Con una sceneggiatura molto originale e non riconducibile a nessun genere in particolare, Xavier Dolan riporta sul grande schermo i temi che l’hanno reso famoso nel mondo: la relazione conflittuale e disfunzionale tra madre e figlio, l’omosessualità, l’infanzia e il passaggio doloroso all’età adulta e le contraddizioni che ne derivano.

Su questi argomenti s’impiantano anche i temi dello show business e del tabù del dichiararsi gay nell’ambiente del cinema e, come lui ha vissuto in prima persona, cosa comporta diventare delle celebrità e quanto inesorabilmente cambia la vita privata di queste persone. Messe in una gabbia dalla quale diventa complesso fuggire, alle star s’impone un frenetico livello di attenzione costante della propria immagine.

Se un tempo in Italia per avere notizie vere o presunte sulle vite e gli amori dei personaggi famosi ci si basava sui pettegolezzi forniti o sfornati da riviste come Novella Duemila o Eva Express, oramai l’uso e forse abuso quotidiano di Instagram e Twitter ha ridotto ai minimi termini la distanza che separa noi dal vero mito.
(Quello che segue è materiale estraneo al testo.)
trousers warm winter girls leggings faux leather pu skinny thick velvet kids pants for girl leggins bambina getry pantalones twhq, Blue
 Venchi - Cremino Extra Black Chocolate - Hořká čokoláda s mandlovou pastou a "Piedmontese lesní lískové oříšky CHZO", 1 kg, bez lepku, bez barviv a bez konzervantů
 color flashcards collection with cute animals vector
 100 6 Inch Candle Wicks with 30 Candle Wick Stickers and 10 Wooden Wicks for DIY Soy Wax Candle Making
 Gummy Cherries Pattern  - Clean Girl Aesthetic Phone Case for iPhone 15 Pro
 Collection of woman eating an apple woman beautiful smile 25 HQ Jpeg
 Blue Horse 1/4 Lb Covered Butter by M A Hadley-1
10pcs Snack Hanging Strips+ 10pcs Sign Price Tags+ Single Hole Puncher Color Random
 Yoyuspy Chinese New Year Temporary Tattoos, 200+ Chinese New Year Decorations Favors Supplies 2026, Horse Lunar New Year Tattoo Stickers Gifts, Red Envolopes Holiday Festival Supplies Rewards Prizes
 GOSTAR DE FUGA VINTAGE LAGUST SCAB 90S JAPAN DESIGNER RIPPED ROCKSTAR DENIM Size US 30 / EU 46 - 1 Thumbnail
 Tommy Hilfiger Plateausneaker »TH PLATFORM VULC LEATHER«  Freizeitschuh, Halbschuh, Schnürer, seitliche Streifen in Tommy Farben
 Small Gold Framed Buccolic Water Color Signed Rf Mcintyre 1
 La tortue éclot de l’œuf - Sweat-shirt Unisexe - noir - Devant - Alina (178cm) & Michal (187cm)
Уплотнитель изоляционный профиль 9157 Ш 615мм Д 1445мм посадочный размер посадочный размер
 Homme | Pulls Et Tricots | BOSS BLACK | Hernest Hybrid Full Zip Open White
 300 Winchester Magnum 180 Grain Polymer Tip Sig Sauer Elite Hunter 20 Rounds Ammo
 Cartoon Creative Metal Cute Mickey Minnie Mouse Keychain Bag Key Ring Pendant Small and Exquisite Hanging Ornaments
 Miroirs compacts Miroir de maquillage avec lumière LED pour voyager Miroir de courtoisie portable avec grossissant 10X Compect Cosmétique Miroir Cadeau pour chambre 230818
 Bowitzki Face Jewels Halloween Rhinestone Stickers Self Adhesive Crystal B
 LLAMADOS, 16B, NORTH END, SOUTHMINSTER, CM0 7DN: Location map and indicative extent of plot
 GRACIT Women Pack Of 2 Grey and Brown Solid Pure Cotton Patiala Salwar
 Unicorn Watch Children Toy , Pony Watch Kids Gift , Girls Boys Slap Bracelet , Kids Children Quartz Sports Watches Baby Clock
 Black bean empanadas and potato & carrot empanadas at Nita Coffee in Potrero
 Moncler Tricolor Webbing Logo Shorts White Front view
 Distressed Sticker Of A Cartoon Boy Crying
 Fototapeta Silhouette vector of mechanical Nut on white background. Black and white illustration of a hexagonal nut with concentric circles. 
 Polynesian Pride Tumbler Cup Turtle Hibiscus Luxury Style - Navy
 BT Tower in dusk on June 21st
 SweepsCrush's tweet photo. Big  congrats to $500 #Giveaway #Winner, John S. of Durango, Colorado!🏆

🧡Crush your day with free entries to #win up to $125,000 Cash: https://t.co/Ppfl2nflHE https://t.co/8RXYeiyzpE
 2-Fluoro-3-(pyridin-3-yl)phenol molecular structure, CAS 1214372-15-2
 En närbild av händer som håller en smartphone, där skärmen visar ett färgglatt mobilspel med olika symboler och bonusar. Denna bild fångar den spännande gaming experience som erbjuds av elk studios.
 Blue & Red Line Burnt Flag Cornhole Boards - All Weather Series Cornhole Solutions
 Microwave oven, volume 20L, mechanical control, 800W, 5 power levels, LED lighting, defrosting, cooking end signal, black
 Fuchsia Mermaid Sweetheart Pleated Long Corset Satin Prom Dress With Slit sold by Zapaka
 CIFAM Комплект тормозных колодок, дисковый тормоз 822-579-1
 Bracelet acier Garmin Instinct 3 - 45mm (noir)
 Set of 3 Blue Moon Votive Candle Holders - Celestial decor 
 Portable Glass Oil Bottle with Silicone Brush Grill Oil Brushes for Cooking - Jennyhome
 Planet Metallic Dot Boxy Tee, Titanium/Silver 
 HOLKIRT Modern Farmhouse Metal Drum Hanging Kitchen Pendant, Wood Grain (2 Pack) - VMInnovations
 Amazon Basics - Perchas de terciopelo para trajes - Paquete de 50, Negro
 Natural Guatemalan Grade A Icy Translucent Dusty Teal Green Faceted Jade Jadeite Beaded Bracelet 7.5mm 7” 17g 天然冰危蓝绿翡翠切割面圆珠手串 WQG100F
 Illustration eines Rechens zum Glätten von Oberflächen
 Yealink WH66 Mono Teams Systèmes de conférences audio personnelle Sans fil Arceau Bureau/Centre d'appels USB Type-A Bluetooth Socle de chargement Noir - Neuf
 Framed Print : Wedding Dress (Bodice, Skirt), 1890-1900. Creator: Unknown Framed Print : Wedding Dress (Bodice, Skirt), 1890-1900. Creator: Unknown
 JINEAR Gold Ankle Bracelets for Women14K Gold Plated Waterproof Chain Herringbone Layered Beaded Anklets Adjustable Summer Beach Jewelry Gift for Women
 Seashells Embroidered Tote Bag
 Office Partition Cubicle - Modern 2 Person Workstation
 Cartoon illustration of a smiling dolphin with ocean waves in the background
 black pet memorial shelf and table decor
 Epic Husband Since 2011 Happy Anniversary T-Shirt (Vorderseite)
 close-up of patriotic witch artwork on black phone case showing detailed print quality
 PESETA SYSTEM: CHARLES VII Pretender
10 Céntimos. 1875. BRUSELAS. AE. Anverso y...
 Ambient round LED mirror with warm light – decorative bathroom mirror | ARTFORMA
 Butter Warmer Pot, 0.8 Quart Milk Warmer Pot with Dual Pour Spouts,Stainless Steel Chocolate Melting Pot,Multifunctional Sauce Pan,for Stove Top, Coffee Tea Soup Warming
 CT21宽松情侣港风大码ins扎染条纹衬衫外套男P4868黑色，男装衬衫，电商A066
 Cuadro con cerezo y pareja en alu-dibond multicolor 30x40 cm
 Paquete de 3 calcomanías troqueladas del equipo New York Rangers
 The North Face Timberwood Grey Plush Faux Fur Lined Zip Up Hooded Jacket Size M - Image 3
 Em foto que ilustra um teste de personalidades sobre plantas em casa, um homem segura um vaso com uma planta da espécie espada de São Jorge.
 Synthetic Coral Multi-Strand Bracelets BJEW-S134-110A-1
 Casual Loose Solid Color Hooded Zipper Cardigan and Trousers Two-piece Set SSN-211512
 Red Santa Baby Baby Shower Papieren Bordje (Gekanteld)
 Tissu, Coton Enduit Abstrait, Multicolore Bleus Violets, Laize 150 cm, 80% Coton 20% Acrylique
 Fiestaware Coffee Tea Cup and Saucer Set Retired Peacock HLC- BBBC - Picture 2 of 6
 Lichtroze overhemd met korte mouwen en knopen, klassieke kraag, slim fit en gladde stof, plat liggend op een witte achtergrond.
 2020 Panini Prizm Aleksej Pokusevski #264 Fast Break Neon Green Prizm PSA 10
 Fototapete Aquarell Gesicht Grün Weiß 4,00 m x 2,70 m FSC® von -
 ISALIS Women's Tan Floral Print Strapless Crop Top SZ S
Immaginate se Greta Garbo, simbolo di una femminilità raffinata e irraggiungibile, circondata da un perenne alone di mistero, avesse vissuto ai nostri giorni e pubblicato sulla sua pagina Facebook che a 36 anni si ritirava dalle scene per rintanarsi nel suo lussuoso appartamento di New York circondata dai suoi amati quadri di Renoir… Dopo mezza giornata non sarebbe più stata Divina per sempre ma una meteora come tante nel firmamento del mondo dello spettacolo.

Un altro tema che il regista non ha paura di mettere davanti agli occhi degli spettatori è quello del bullismo omofobico in ambito scolastico. Quando Rupert racconta davanti alla classe che da anni scrive al suo idolo non gli crede nessuno, ma quando si scopre che è vero e che John F. Donovan è gay (e quindi deve esserlo anche lui) s’innesca un meccanismo perverso che porterà alla scomparsa prematura del protagonista principale.

John combatte e perde una battaglia con se stesso a causa della non accettazione del proprio orientamento sessuale che si sente pure costretto a reprimere per salvaguardare la carriera. Questo però spingerà Rupert da adulto a essere più coraggioso e a compiere passi che gli permetteranno di accettare la sua vera identità come si vede nel finale della pellicola. Gli “errori” (veniali) compiuti da una generazione possono permettere a quelle successive di evolvere nel percorso collettivo delle nostre libertà di essere e di esprimerci per ciò che siamo.

La bellissima e struggente canzone My Mother Had A Brother (mia madre aveva un fratello) di George Michael, presente nel suo album Older, ci può spiegare questo meccanismo. Il cammino verso il coming out pubblico del cantante, infatti, anch’esso avvenuto a causa di uno scandalo iper-mediatizzato, è stato sotterraneamente sorretto dalla figura tragica di suo zio materno Colin, gay nell’Inghilterra dei primi anni ’60 (quando tra l’altro l’omosessualità era ancora reato), morto suicida quando George era appena nato ma del quale nessuno in famiglia gli aveva parlato per anni e anni. Una figura cui ispirarsi e da (ri)vendicare.

Verosimilmente la critica cinematografica generalista non è in grado di cogliere questi “dettagli”, ma sono anche questi oltre alle scenografie curatissime, alla scelta maniacale degli abiti e a una colonna sonora cucita come un abito d’alta moda sui vari passaggi emotivi che fanno di questo film di Xavier Dolan un, per noi bellissimo, film di Xavier Dolan.